* Task instructions *
Restate the following data in its entirety, word for word and without images.
═══ Source data ═══
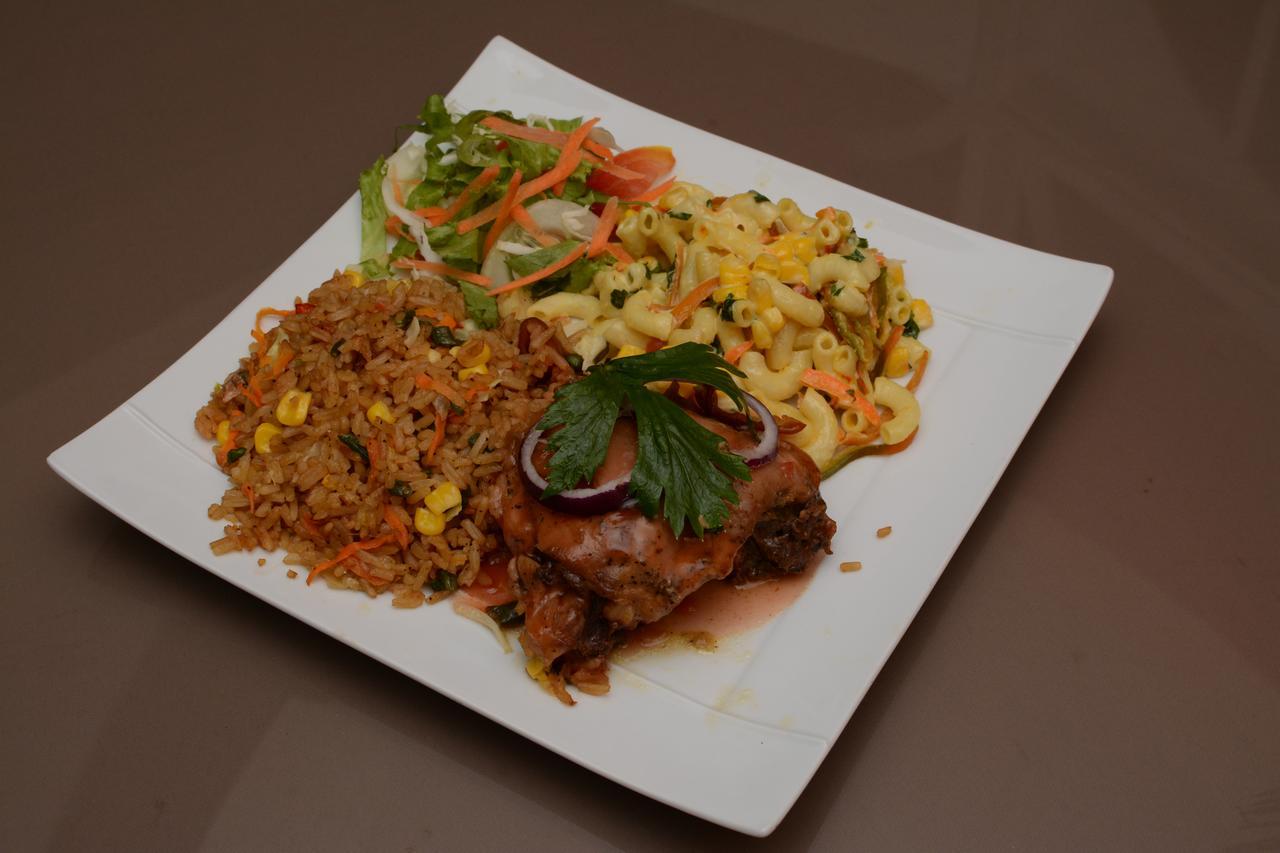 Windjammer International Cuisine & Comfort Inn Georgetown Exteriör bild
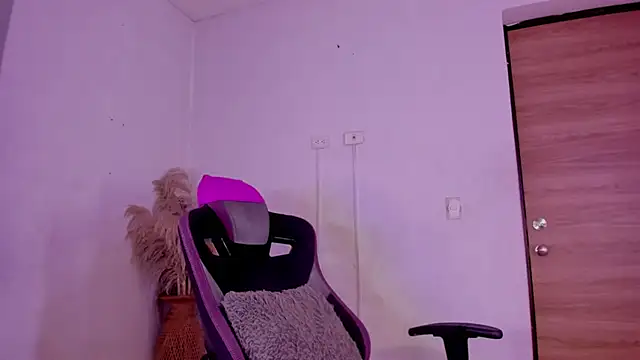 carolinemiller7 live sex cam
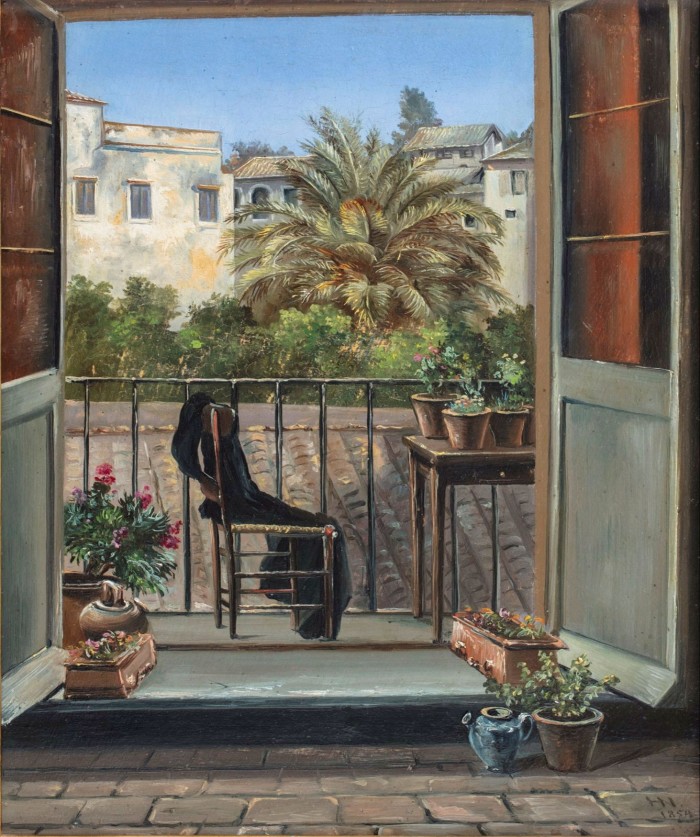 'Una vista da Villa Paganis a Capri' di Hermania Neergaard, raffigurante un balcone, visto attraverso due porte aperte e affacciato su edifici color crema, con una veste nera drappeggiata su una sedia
═══
* Task result *
 Windjammer International Cuisine & Comfort Inn Georgetown Exteriör bild
 carolinemiller7 live sex cam
 'Una vista da Villa Paganis a Capri' di Hermania Neergaard, raffigurante un balcone, visto attraverso due porte aperte e affacciato su edifici color crema, con una veste nera drappeggiata su una sedia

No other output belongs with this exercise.